Popular Science described the new diversion tunnel currently in the works to keep water coming out of Lake Mead:

"Right now, 600 feet beneath the lake’s glassy blue surface, a massive custom-built tunnel-boring machine—almost as long as two football fields and heavier than four 747s—is plowing inch

by tedious inch through wet, fractured bedrock. Spanning nearly 24 feet in diameter, its rock-gnawing face is alive with the movement of 44 disc cutters and 23 knives. The Big Gulp–style tunnel it is boring will eventually intersect with a concrete-and-steel riser installed in the bottom of the lake, like a drain. Two intake pipes already carry water from Lake Mead to Las Vegas, about 25 miles to the west. Known as the Third Straw, Intake No. 3 will reach 200 feet deeper into the lake—and keep water flowing for as long as there’s water to pump."

The upper of the two existing straws that take water from Lake Mead was only 50 feet below the surface of the lake this year. If we continue to see drought like this, we will lose the top straw. Beyond the drinking water issues, what does the lower water level mean for the hydroelectricity the dam produces?

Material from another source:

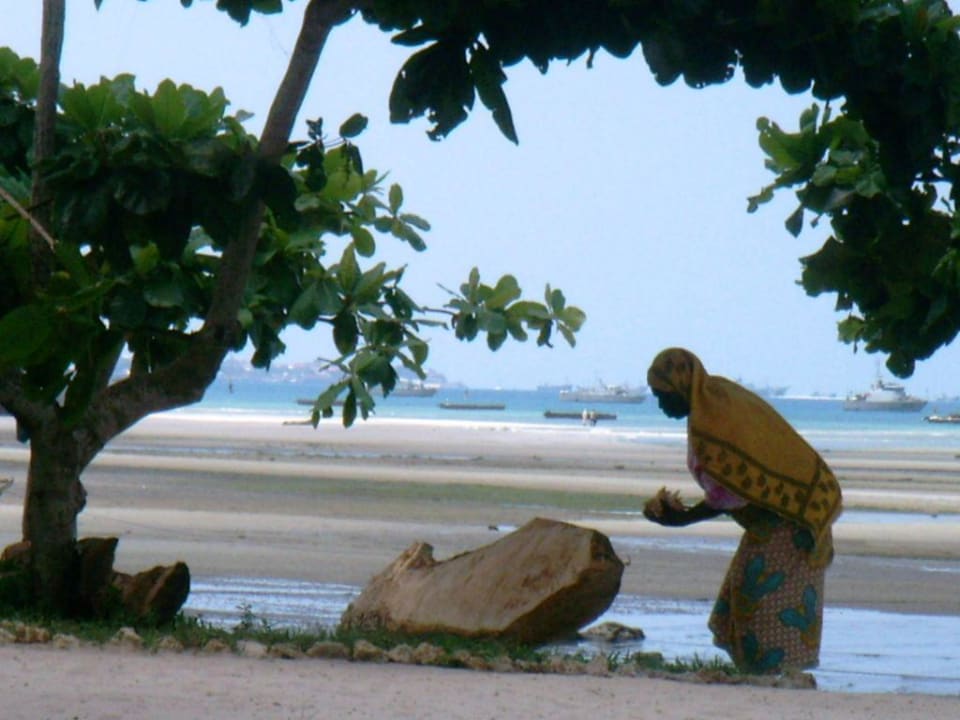 Davanti all'Imani Imani Beach Villa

With less water in Lake Mead, the turbines in the Hoover Dam don't have as much water pressure as they did when the water level was higher. Less water means less power. The spillway of the dam is 1,221 feet above the lake bottom. The water level projected for May 2016 is 1,064 feet. Before recent turbine upgrades the power plant needed minimum water pressure of 1,050 feet to spin the turbines. With the plant upgrades, they plan to move the minimum pressure down to 950 feet above the turbines. Below 950 feet, major changes would have to be made to harvest a dwindling amount of potential energy, according to EENews.

What would the southwest do if the Hoover Dam continues to produce less electricity and population continues to grow? The Southwest states may call on Utah and Wyoming for help, specifically, wind from Nebraska and salt from Utah. An $8 billion project proposal could help California and other southwest states reduce the electricity load that dams carry. An issue with wind energy is that the windiest places aren’t necessarily close to the largest cities. Additionally, you can’t store wind energy for use when the breeze stops blowing.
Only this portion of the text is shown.